Which lines run from the one containing "Photo 7 from" to the end of the entries? Copy them exactly, both ends included, and give nothing else.

Items from a data source
BEGIN

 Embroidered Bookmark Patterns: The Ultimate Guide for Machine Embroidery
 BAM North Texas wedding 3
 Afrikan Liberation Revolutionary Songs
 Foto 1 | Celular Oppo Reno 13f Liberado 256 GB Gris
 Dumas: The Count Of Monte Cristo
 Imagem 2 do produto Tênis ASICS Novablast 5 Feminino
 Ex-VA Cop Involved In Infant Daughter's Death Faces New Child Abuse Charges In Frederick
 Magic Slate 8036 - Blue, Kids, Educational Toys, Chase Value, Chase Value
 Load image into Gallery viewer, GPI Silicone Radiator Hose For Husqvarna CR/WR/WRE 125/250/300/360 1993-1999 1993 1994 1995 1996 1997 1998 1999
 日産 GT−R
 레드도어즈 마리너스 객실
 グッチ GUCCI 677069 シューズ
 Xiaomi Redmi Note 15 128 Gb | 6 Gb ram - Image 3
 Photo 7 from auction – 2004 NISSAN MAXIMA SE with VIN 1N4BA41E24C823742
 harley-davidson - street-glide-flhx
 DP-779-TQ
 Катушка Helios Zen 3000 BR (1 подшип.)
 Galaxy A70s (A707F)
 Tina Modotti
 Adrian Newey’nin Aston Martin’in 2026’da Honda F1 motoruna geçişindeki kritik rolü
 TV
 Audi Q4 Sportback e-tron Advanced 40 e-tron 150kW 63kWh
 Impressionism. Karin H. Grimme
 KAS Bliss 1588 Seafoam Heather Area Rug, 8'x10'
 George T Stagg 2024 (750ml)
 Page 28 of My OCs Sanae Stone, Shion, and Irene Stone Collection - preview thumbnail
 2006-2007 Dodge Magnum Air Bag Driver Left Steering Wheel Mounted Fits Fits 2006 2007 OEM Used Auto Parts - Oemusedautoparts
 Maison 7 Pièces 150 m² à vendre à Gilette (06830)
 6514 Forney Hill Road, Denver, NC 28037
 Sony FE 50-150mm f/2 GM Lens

END

◆ **REPLY TO THE EXERCISE**
 Photo 7 from auction – 2004 NISSAN MAXIMA SE with VIN 1N4BA41E24C823742
 harley-davidson - street-glide-flhx
 DP-779-TQ
 Катушка Helios Zen 3000 BR (1 подшип.)
 Galaxy A70s (A707F)
 Tina Modotti
 Adrian Newey’nin Aston Martin’in 2026’da Honda F1 motoruna geçişindeki kritik rolü
 TV
 Audi Q4 Sportback e-tron Advanced 40 e-tron 150kW 63kWh
 Impressionism. Karin H. Grimme
 KAS Bliss 1588 Seafoam Heather Area Rug, 8'x10'
 George T Stagg 2024 (750ml)
 Page 28 of My OCs Sanae Stone, Shion, and Irene Stone Collection - preview thumbnail
 2006-2007 Dodge Magnum Air Bag Driver Left Steering Wheel Mounted Fits Fits 2006 2007 OEM Used Auto Parts - Oemusedautoparts
 Maison 7 Pièces 150 m² à vendre à Gilette (06830)
 6514 Forney Hill Road, Denver, NC 28037
 Sony FE 50-150mm f/2 GM Lens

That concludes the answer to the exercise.